■ WHAT IS BEING ASKED ■
Return only the lines of the data below from the line with "Letra Lubian 3D Preta Abs C 10Cm Letra" up to and including the line with "Modal Additional Images", exactly as written, with the pictures omitted.

■ DATASET ■
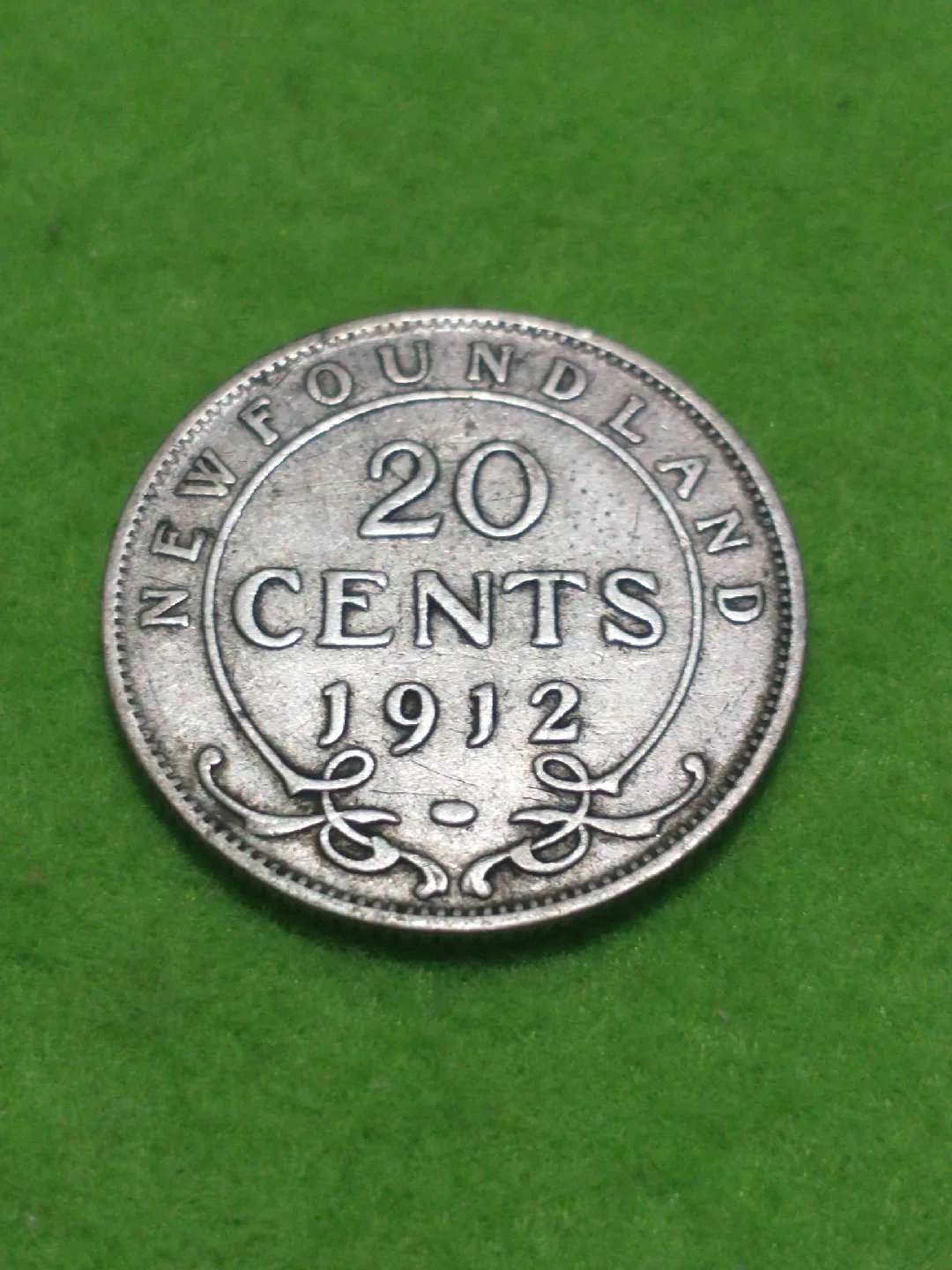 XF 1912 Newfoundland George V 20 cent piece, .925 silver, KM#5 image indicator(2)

---

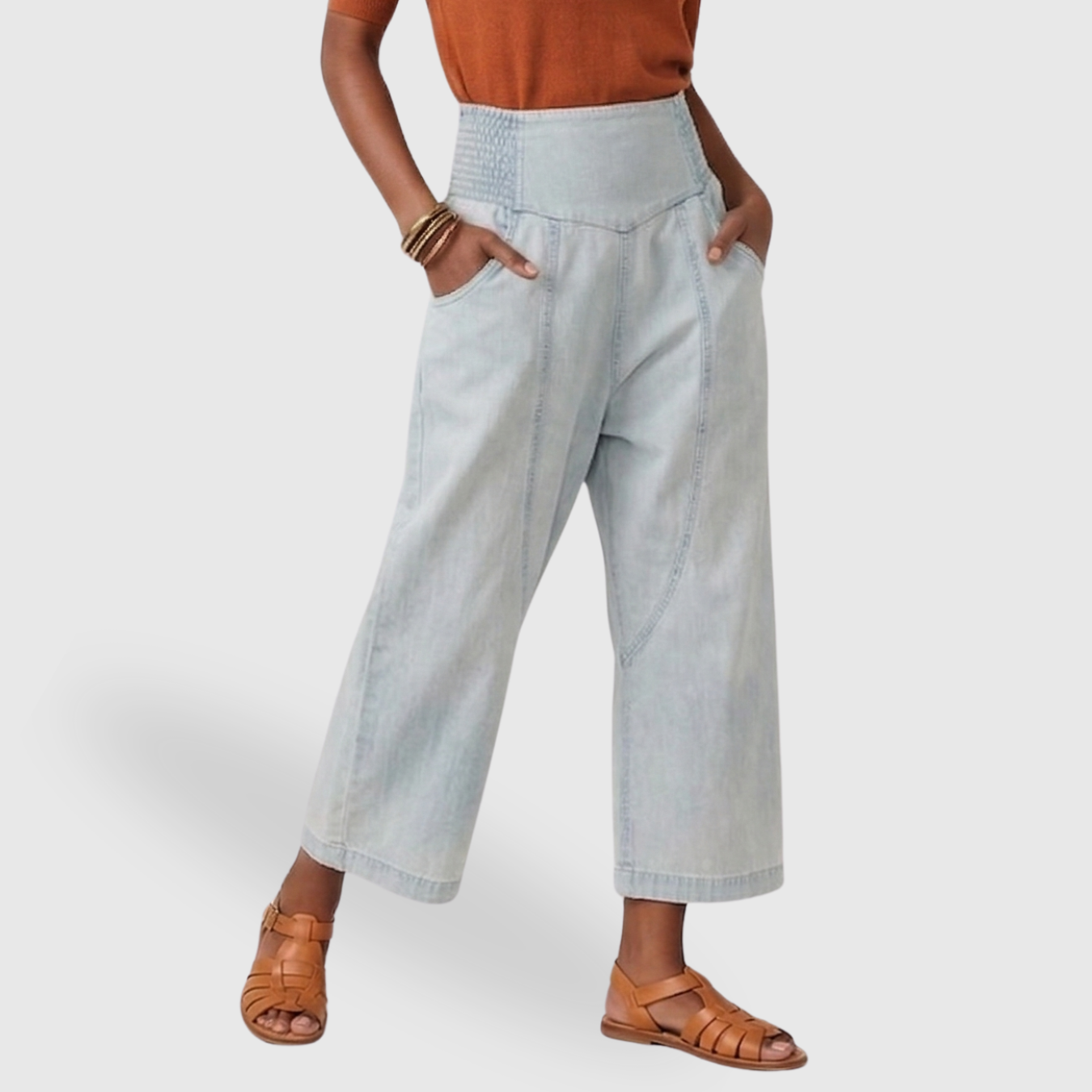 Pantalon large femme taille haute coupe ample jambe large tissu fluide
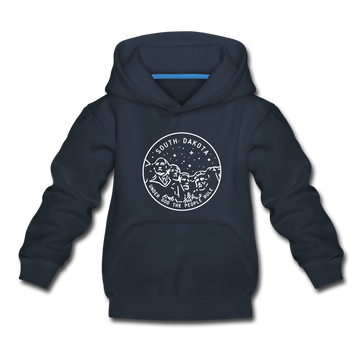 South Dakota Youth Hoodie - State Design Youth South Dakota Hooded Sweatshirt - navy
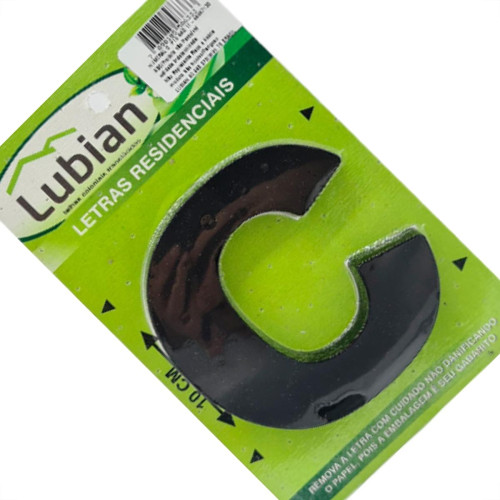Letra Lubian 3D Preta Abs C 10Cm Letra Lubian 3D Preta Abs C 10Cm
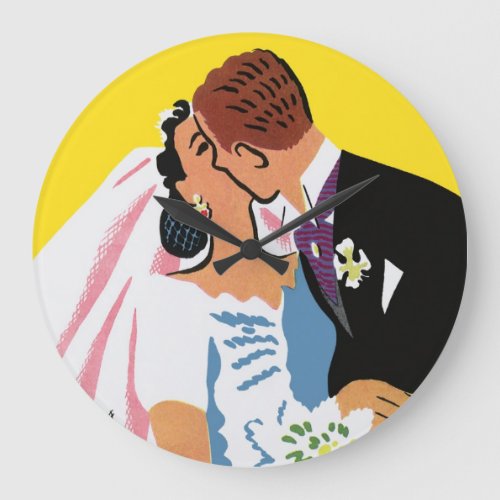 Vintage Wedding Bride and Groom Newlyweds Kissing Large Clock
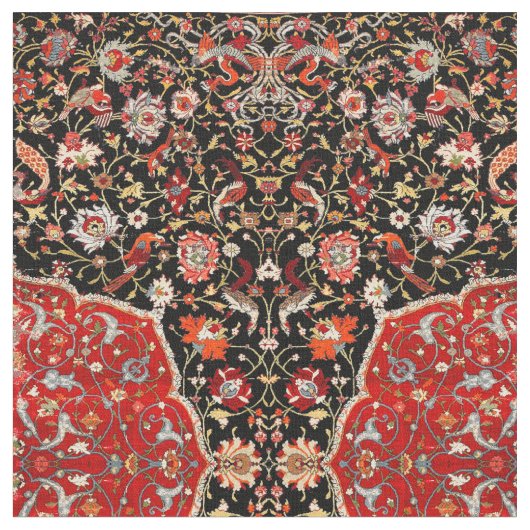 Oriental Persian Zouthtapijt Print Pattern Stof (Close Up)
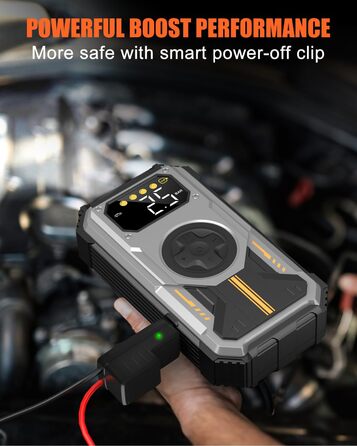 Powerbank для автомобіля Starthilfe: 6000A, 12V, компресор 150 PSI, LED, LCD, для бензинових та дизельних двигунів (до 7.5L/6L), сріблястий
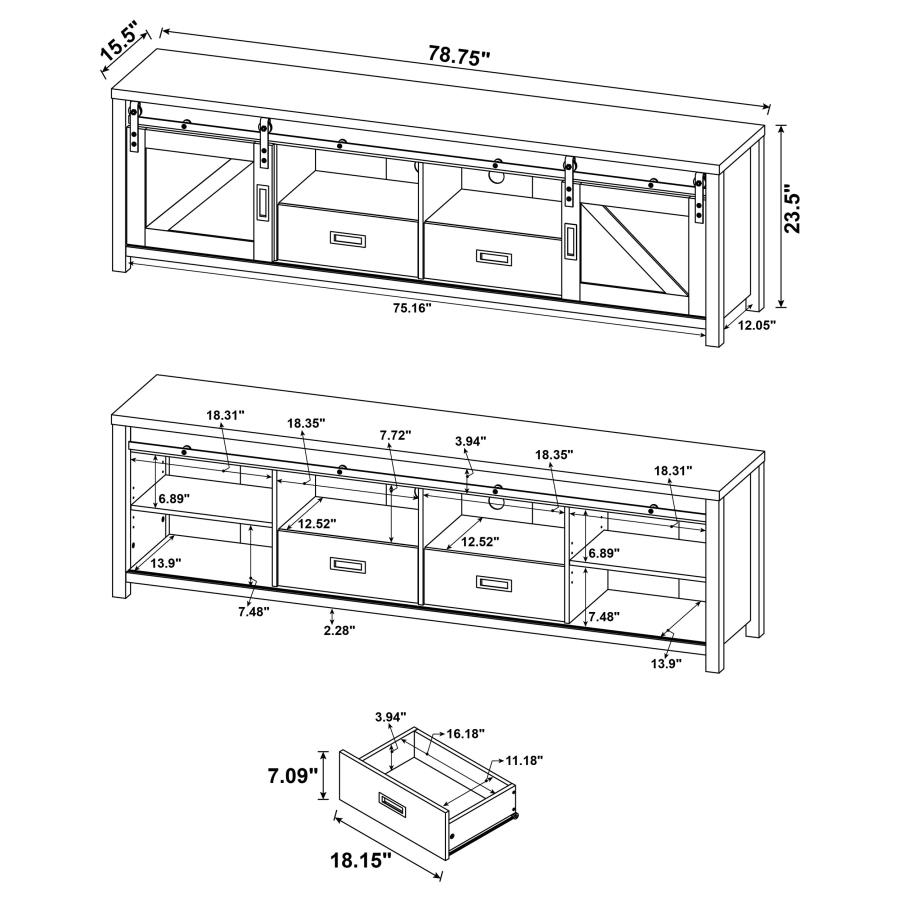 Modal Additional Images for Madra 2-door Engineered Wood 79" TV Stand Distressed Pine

■ SOLUTION ■
Letra Lubian 3D Preta Abs C 10Cm Letra Lubian 3D Preta Abs C 10Cm
 Vintage Wedding Bride and Groom Newlyweds Kissing Large Clock
 Oriental Persian Zouthtapijt Print Pattern Stof (Close Up)
 Powerbank для автомобіля Starthilfe: 6000A, 12V, компресор 150 PSI, LED, LCD, для бензинових та дизельних двигунів (до 7.5L/6L), сріблястий
 Modal Additional Images for Madra 2-door Engineered Wood 79" TV Stand Distressed Pine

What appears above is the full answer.